Here is a puzzle that stayed open for more than half a century, with a name that is half a joke. The Germans call it the einstein problem — not after the physicist, but from ein Stein, "one stone", one tile. The question is deceptively simple:
Is there a single tile shape you can lay down, copy after copy, that covers the whole plane with no gaps and no overlaps — but that can never settle into a repeating pattern?
Most shapes that tile do so periodically: shift the whole pattern by the right amount and it lands exactly on itself, like square floor tiles or a honeycomb. A tiling is aperiodic when no such shift exists — the pattern never repeats, no matter how far you slide it. The dream was a lone tile that is forced to be aperiodic: it simply cannot make a repeating pattern even if it tries. For fifty years nobody knew whether such a stone could exist. In 2023, an amateur found one.
The story is really a story about a shrinking number. Mathematicians had long known you could force aperiodicity if you were allowed a whole set of different tiles — and the question became: how small can the set be?
Read that list downward and you can feel the pull toward the finish line:
In November 2022, David Smith — a retired print technician and hobbyist tinkering with shapes on his kitchen table — noticed that one particular 13-sided polygon seemed to tile the plane in a way that never quite repeated. He wrote to the mathematician Craig Kaplan. Together with Chaim Goodman-Strauss and software engineer Joseph Myers, the team proved in March 2023 that Smith's shape — nicknamed "the hat" — really is an aperiodic monotile. A fifty-year-old problem, cracked by a shape you could cut out of paper.

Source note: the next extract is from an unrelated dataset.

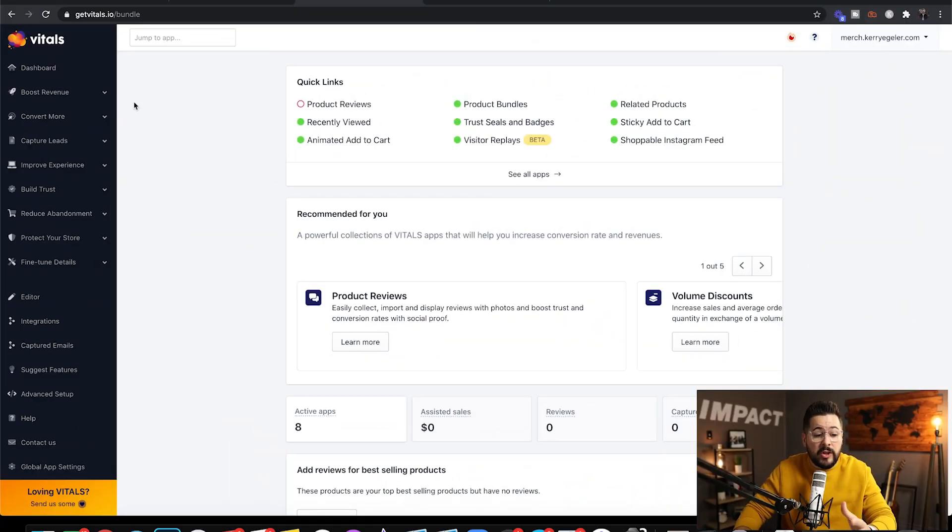We're inside my computer screen looking at the Vitals app inside the dashboard. I've got this connected up to a test store — just a Keri Egler merch store — a very simple store I've created to test different apps and show you different things here on the channel. As I was preparing for this video, I decided to go really in depth on maybe four features inside the Vitals app.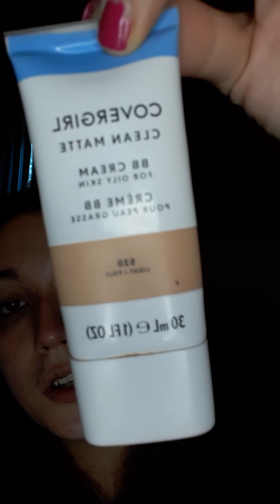Next I'm going to use this CoverGirl Clean Matte BB Cream, which I bought at Walmart. This is basically what I put all over my face. Because when you have a birthmark and you try to cover it with makeup, it's really hard to do it without putting makeup all over your face. So I just put a little bit of BB Cream all over — it's not as thick and opaque as foundation, but I've still got makeup on my entire face so it won't look weird to just have makeup on my birthmark.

The hat is a single 13-sided polygon. It is a polykite: take one of the "kite" pieces you get by cutting a hexagon into six, and glue eight of them together. Step through the figure to see the tile, then its hidden kite skeleton, then the twist that comes next.

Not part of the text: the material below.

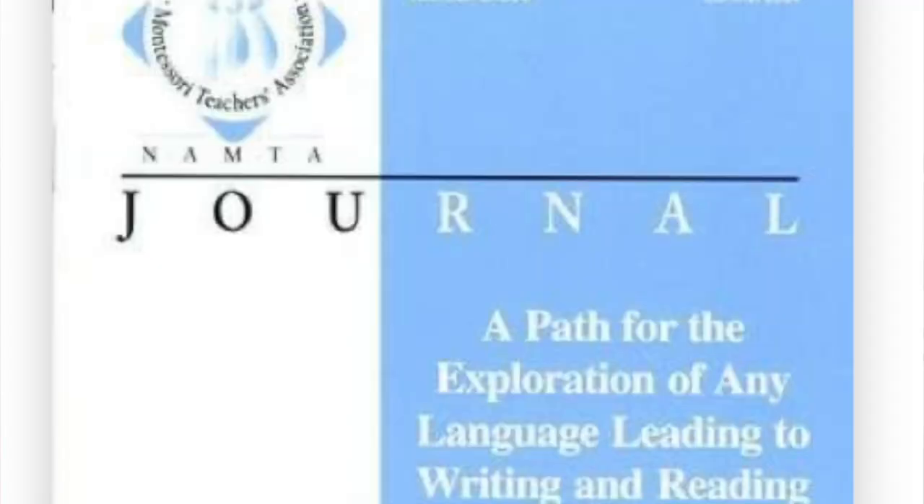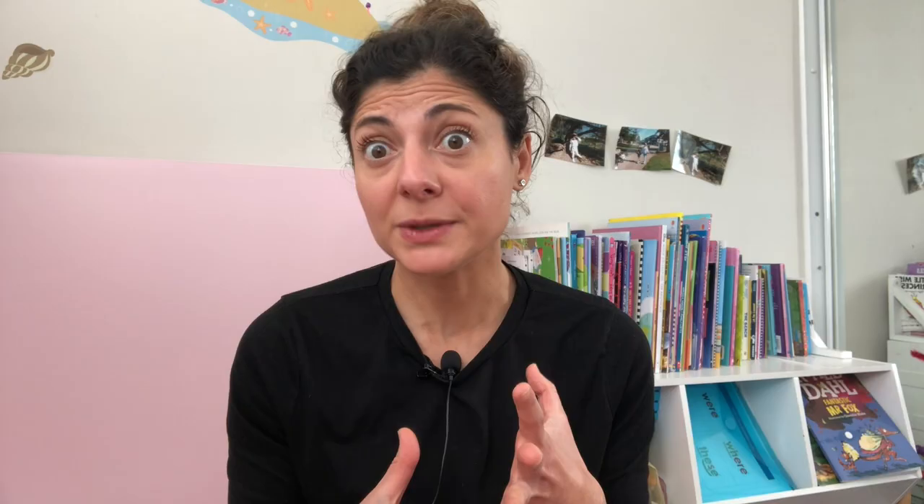In fact, Mario Montessori said: 'Dr. Montessori did not know the English language. It was left to the ingenuity of Montessori-trained people to find a solution.' So the English-speaking world had to find a solution to fill the gaps. Most of the solutions used right now were proposed by a teacher called Eril Dwyer. This system is explained in a book called 'A Path for the Exploration of Any Language Leading to Writing and Reading,' which would probably be your go-to guide for teaching reading in English according to Montessori principles.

The hat settled the problem… almost. To tile the plane, a hat pattern must use the hat tile together with its mirror image — the shape flipped over, like a left hand beside a right hand. For many people that was a perfect answer: it is still one shape, just used both ways up.
But purists objected. If you are only allowed to slide and rotate a tile — never flip it — then the hat and its mirror image are two different tiles, and the "one tile" claim wobbles. A tile that has a genuinely different mirror image is called chiral (from the Greek for "hand"). The open question sharpened to: is there a chiral aperiodic monotile, one that needs no reflections at all?

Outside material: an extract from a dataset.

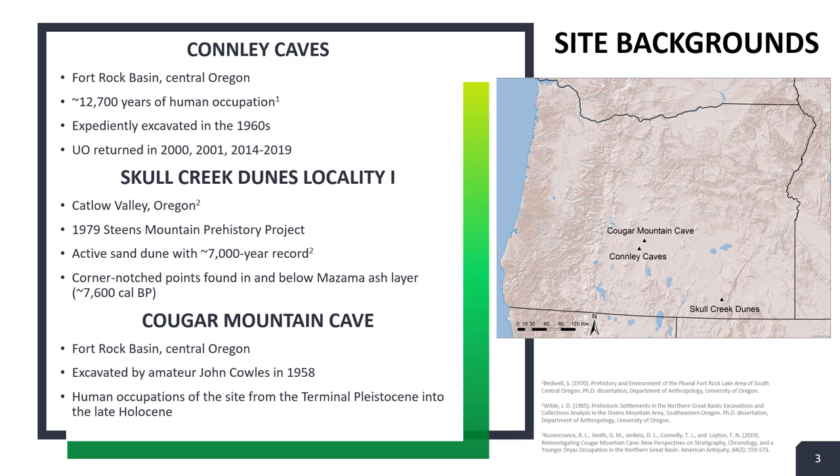For this project, we took a look at three different sites in the Northern Great Basin that have recorded Prima-Zama corner notch points. The first is the Conley Caves, which is located in the Fort Rock Basin of Central Oregon. This site has been intermittently occupied since the terminal Pleistocene, and has been under examination by the University of Oregon Field School starting in the early 2000s.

The same team answered within months. In May 2023 they announced "the spectre" — a single tile that tiles the plane aperiodically using only rotations and translations, never a reflection. (Their spectre uses gently curved edges so that a tile and its mirror can never accidentally fit together.) That is a true aperiodic monotile — one stone, no flipping. The ein Stein quest was finally, completely, over.
| Tile | Sides / shape | Needs its mirror image? | What it settled |
|---|---|---|---|
| The hat (Mar 2023) | 13-sided polykite (8 kites) | Yes — hat + mirror | A single shape that tiles only aperiodically |
| The spectre (May 2023) | curved-edge relative of the hat | No — chiral | A true monotile: no reflections needed |
David Smith is not a professional mathematician. He calls himself a "shape hobbyist", and he found the hat the old-fashioned way — cutting tiles out of card and pushing them around, following a hunch that one stubborn little polygon would not repeat. When he could not make it settle into a pattern, he suspected he had found something special and reached out to the experts.
It is a lovely reminder that mathematics still has doors an amateur can walk through. A problem that had resisted the world's tilers since the 1960s was finally opened by a retired print technician, a pair of scissors, and a shape that looks a bit like a fedora. The professionals supplied the proof; the discovery was Smith's.
Be careful with the word "monotile". The hat is a single shape, but its tilings use it together with its mirror image — the flipped-over copy. If you are allowed to flip tiles, that is fine and it counts as one tile. If you are not allowed to flip, the hat and its mirror behave like two different tiles.
Only the later spectre is a true chiral aperiodic monotile: it tiles with no reflections at all, using rotations and slides alone. That subtlety — "does it need its mirror?" — is not a technicality; it is the whole point of the follow-up result. When someone says "the aperiodic monotile", ask whether they mean the hat (needs its mirror) or the spectre (does not).